Sunday 3 June 2012

Llareggub Again

It was enjoyable to hear an excerpt from "Under Milk Wood", as read by the late (and therefore probably quite cheap these days) Richard Burton, on Radio 4's "Poetry Please" this weekend (I count myself as one of their most undeceased listeners). Sadder, though, to think that the whole caboodle would stand little chance at air-time now, in this era of short attention spans and tight schedules, on account of its length. Whilst musing on this sorry state of affairs, I found myself inspired to pen a little tribute, a precis which I think conveys the Essence of what Dylan was Trying To Get At, (with a wink and a nod to a few of his Chums thrown in, how's that for value, Mrs Protheroe?)  in a today-radio friendly format of not more than five minutes or I'm switching over to listen to Steve Wright In The Afternoon. So here it is;

"LLAREGGUB AGAIN"

"It was Samuel Taylor Coleridge Sunday in a remote village in West Wales - Water, Water everywhere, nor any Drop to Drink. Mr R S Dylan Thomas shambled down Chapel Hill, nursing his spiritual decay like an old goat's rotting molar. Suddenly from the hedgerow in front of him burst Ted Edward Thomas Hughes, as it were the stink of a three-days-dead ferret. 'Lend us a fiver, R S Dylan, or I shall drive your Missus to suicide by shagging her and reading aloud from the collected works of Philip Larkin. And then I shall go back in time and lie tits up in some Flanders field.' 'Bugger off, Ted, I 'aven't got any. I just been to Aber and spent the lot on booze and tarts.' 'Right you are then.' Silence. Ahead of them in the Tregaron-grey fog loomed the impressive figure of Caitlin O'Brien Plath, the love of both their lives, half-naked with a bottle of Milk Stout clutched to each bare breast. She called out to them with the age-old cry of seduction of every true Welshwoman. 'What the bloody 'ell time do you call this, Boyo, it'd be bloody closing time if it wasn't bloody Sunday, R S Dylan, fach!' Her hair blazed fierily in the weak afternoon sunlight. 'Diw, you've never been at putting your head in the Aga again, have you, Caitlin love? Oh, she's been a Martyr to bad hair days since we switched from gas, Ted, and that's the truth.' Briefly, R S Dylan considered extinguishing her with the Stout. Then he drank the Stout. 'And put something on, woman, you look like you've been modelling for Augustus John.' 'Sooner or later, we all model for Augustus John,' she muttered darkly, in a voice pregnant with meaning (and probably Augustus John). Then, together, they fell into The Sailor's Arms, which was, and were, always open, although it was Sunday, and a Sin."

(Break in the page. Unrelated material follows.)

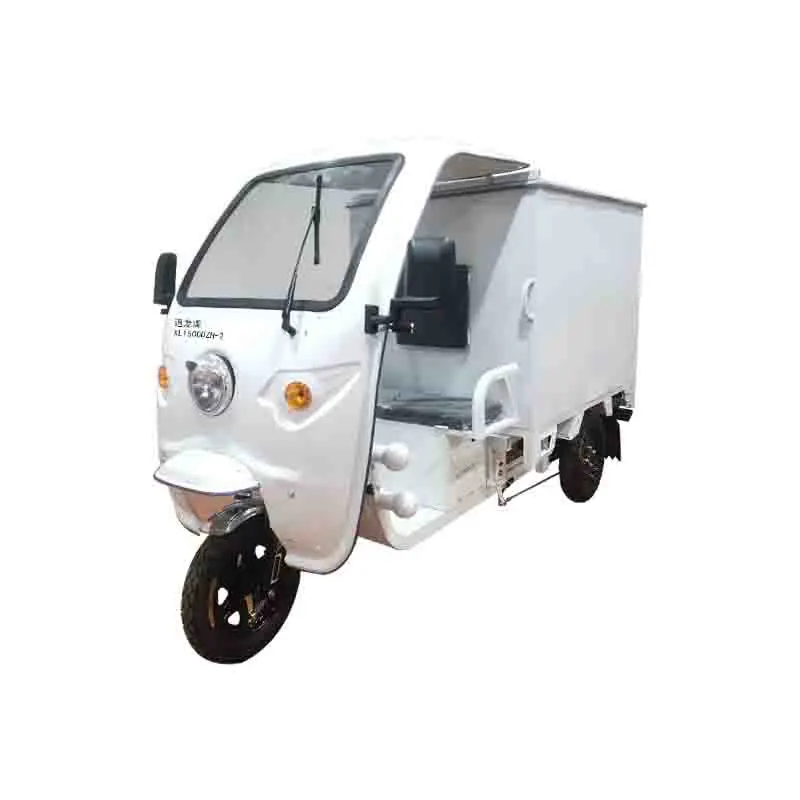 Hot Sale 800W Van Enclosed Cargo Tricycle Cargo Box Tricycle Use for Fast Delivery and Shopping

Just the ticket for a Sound-Bite, I thought, and how cleverly have I interwoven passing (but box-ticking) references to a good half-dozen of our modern Bards, Celtic and otherwise, thus potentially freeing up weeks of programming (and let's face it, they do go on a bit, your Poets). Let me know what you think, BBC.

[Footnote: the title of this piece was to have been "Llareggub Revisited", but then I thought, No, Evelyn, no. You stay out of this. I can't see Anthony Andrews in a leading role anywhere here.]